*Problem statement:* Look below for the line that contains "Used 2011 Nissan", and write out exactly that line and all remaining lines of the listing, omitting pictures.

*Collected material:*
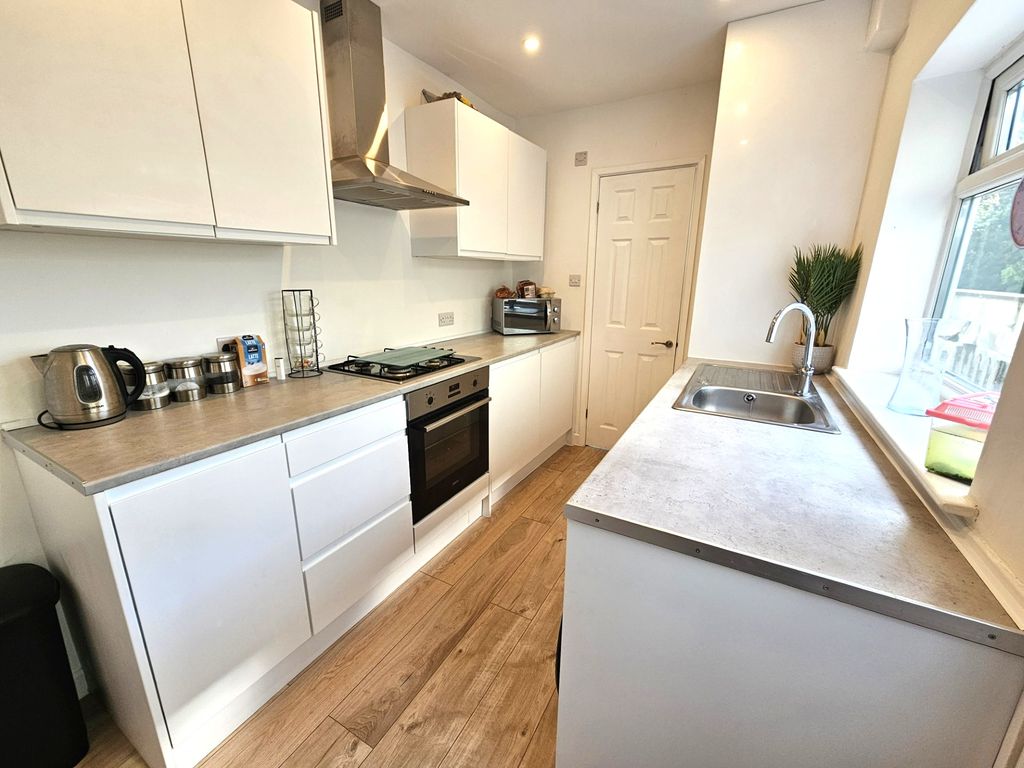 Property photo 2 of 14 Kitchen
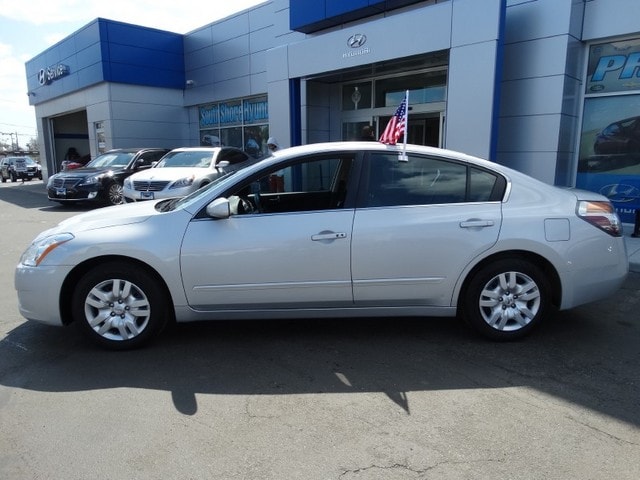 Used 2011 Nissan Altima Base with VIN 1N4AL2AP1BN401636 for sale in Hicksville, NY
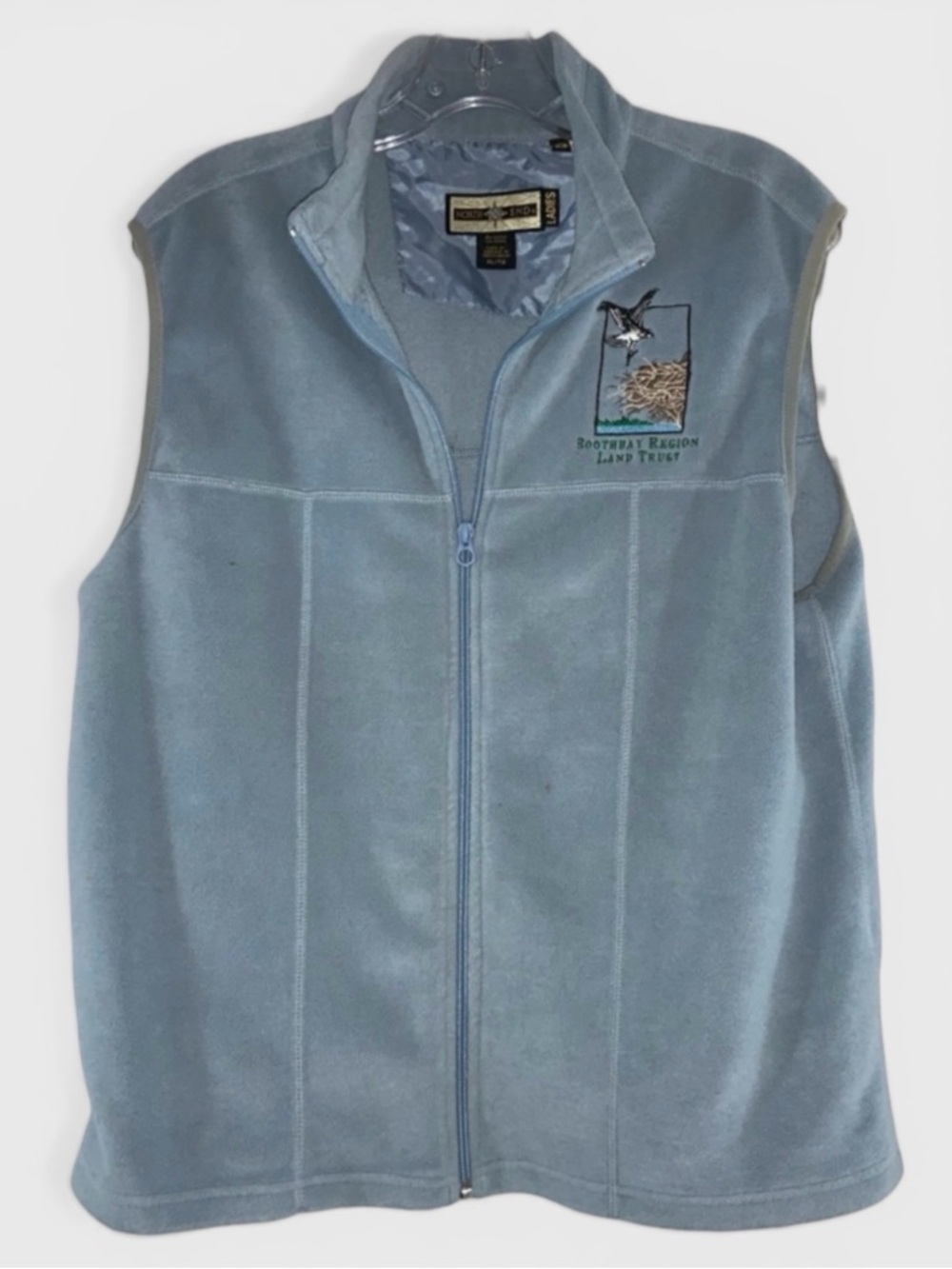 606 10/$50🏄🏻‍♀️ North End Boothbay Region Land Trust Osprey Blue Fleece Vest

*Response box:*
 Used 2011 Nissan Altima Base with VIN 1N4AL2AP1BN401636 for sale in Hicksville, NY
 606 10/$50🏄🏻‍♀️ North End Boothbay Region Land Trust Osprey Blue Fleece Vest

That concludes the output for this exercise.